A) Light experiment --
Here is an experiment that can prove directly who is moving, even without any clocks.
Consider we have a laser beam and a mirror just against it, so it should reflect the light, like this,
___ (mirror)
. (light)
(I am using a laser beam since it always goes straight, but you can use regular light as long you have a way that the mirror should only detect the light that goes in a straight line upwards and not diagonal).
The mirror and the light should be far away so that light should take some time before it arrives at the mirror, (maybe it can't be done with current technology but it will surely be one day).
Now let's consider this arrangement is on ship (or similar) and is moving in a uniform motion.
Now if the ship moves, then the light will never get to the mirror (assuming the ship is moving with an appropriate speed), since the mirror has been moved away from the laser beam that is going straight only.
So if the light arrives at the mirror then every body most agree that it is at rest, and if the light does not arrive then it is clear then it is moving, and no debate on that.
(You can actually make a joint experiment, in which two objects in uniform motion according to each other, are using the same laser beam to see to which mirror of them it will arrive).
B) Constant speed of light --
According to the special relativity it follows that the speed of light will not always be constant, listen why.
Assume A and B move away with a uniform motion and a light ray (L) goes to right of them,
A<------->B<------------>L
A claims that he is at rest and B's time slows down, that's fine.

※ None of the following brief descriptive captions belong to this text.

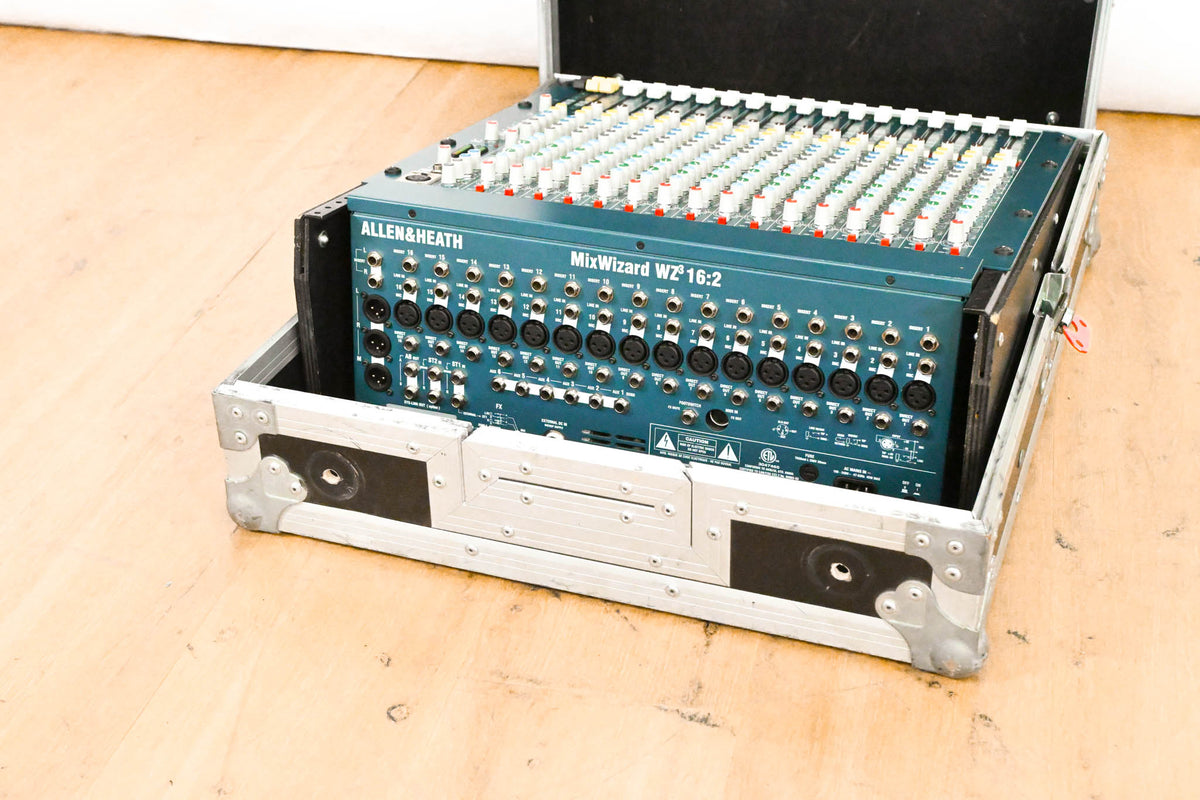 Allen & Heath MixWizard WZ3 16:2 16-Channel Analog Mixer w/ Road Case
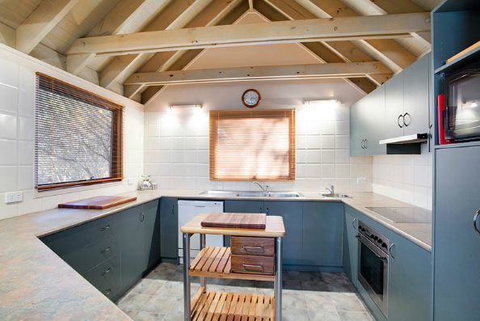 Absinthe - Accommodation in Bendigo 3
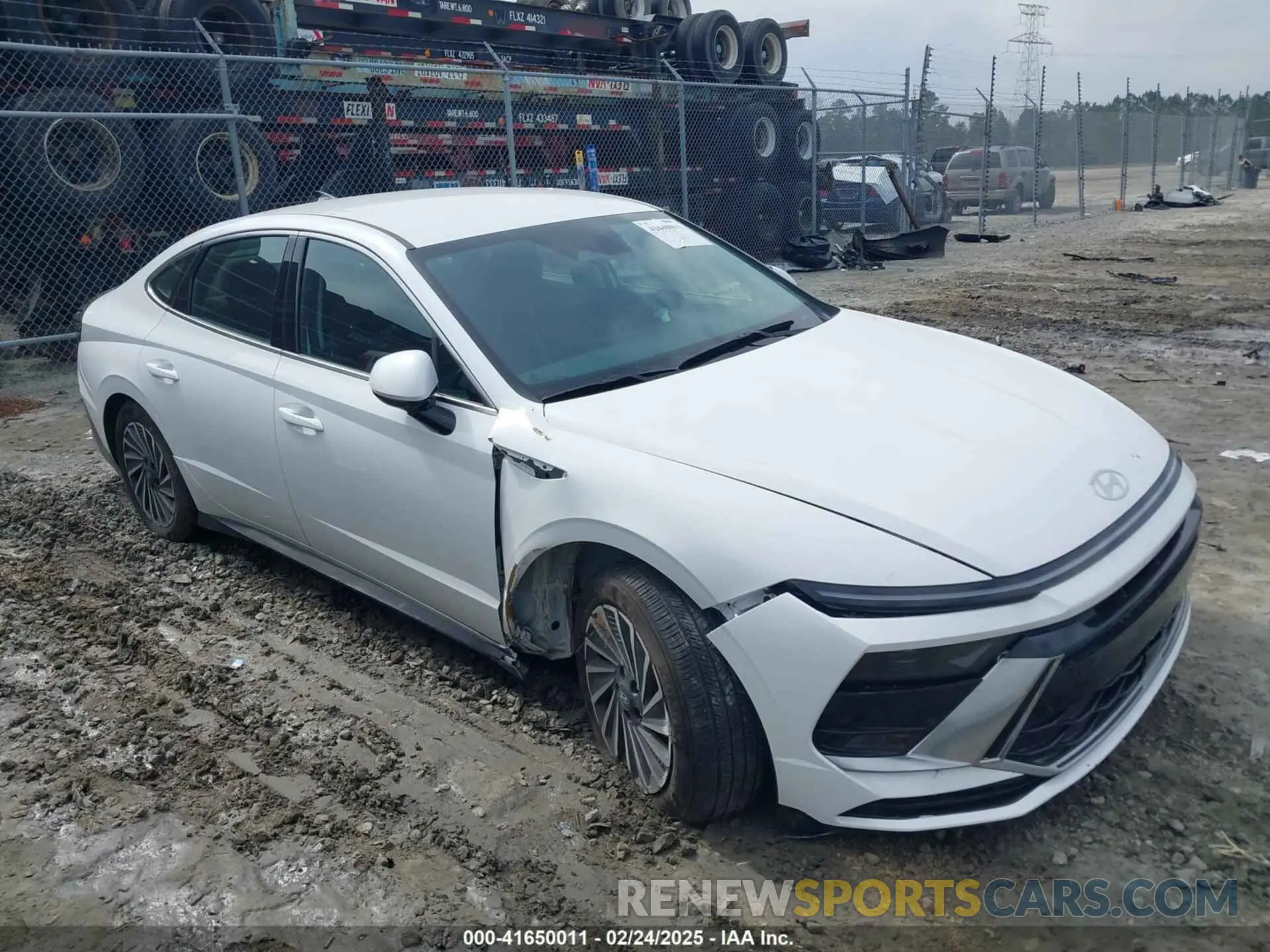 13 Photograph of a damaged car KMHL34JJXRA092529 HYUNDAI SONATA HYBRID 2024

But B claims that he is at rest, and if so A clearly sees the light more then c.
(You might want to resort to the velocity formula, but it cannot work here as you shall see).
Let's assume for a moment that the time of B and of A will stay the same (and we will ignore for a moment time dilation), in other words t
B = t
A.
Now we can use simple addition to add the velocities because, V
1 = s
1/t and V
2 = s
2 /t, so you can just add both velocities.
Now if we add the velocity that A moves ( from B's perspective ) together with c the speed of light, we clearly get more then the speed of light, and in other words from B's perspective A sees the light to go faster then the speed of light, some thing that is impossible according to special relativity.
And since according to B, A's clock will slow down, the situation will get even worse, since that means that according to B, A will see the light moving even faster.
(The velocity formula however might still work when both velocities are in the same direction).
Since this cannot be true this actually shows that B cannot claim to be the point of reference (or you might claim that B does not have to explain how A sees the light, but if say this then you can let go the whole time dilation which is based only on how one frame of reference sees the light according to the other frame of reference).
(you can also not invent that B will claim A's clock to go faster, because then there will be a problem when the light is going to the left).